Often drawing comparisons to dark cabaret duo the Dresden Dolls, Gillespie says, “I actually never heard of them until people started telling us we sounded similar. We’re more into ’90s Chicago and New York music. Swans were a pretty big influence. The Paper Chase. Shellac. Q and Not U. Stuff like that. We have some darker musical influences, but it’s more like Nick Cave and Tom Waits.”
Gillespie and eventual husband Scott Feller (bass) have gone through three line-up changes since the inception of the band in 2008. “[Original guitarist] Adolf is still in the band,” Feller explains. “He’s just in a different country.” Adolf is teaching English in South Korea this year.
“Carrie and I have known each other since we were 16 and have been playing music together ever since,” says Feller.

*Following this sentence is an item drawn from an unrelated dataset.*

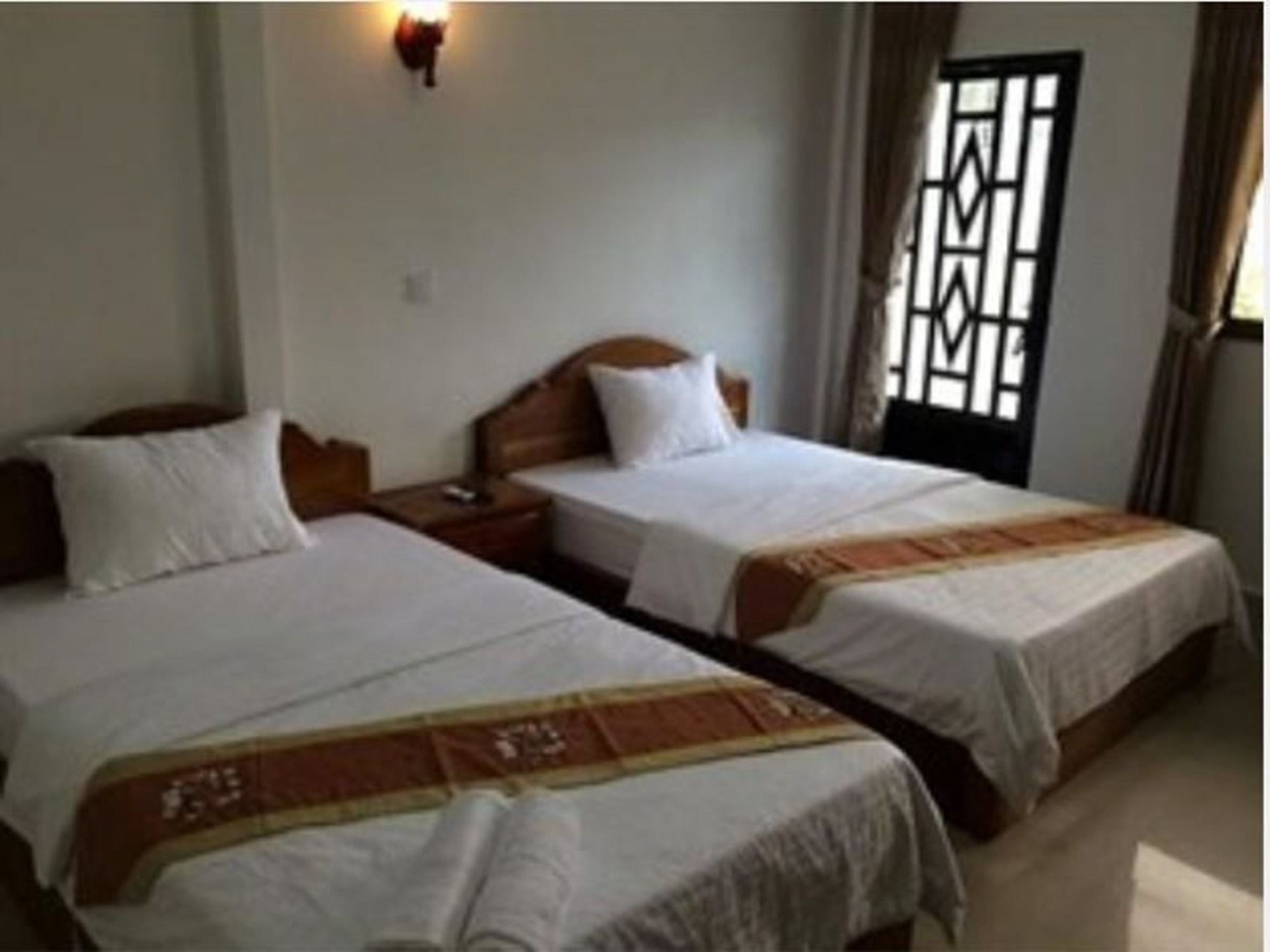 Royal Guest House Phnom Pen Exterior foto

Their name derives from a line in the Situationist International Anthology, a collection of texts from an international group of revolutionaries founded in the late ’50s and influenced by Marxism, Dadaism, and Surrealism.
“We’re inspired by the spontaneity and playfulness of it,” says Gillespie, who started playing the piano at six years old.
“I want it to be a big rock show,” she laughs regarding their wedding next year. “I’m going to assign my friends several covers to play,” Feller adds, “because I can’t actually get Jonathan Richman [of the Modern Lovers] to play.”
“My lyrics usually start as a rant about people I know,” Gillespie says when asked about her song titled “Why I’m Not a Buddhist,” “but it’s not necessarily about them. It’s more just something I see people representing.”
The duo recorded an album with Greg Gerardi at Black Box studio.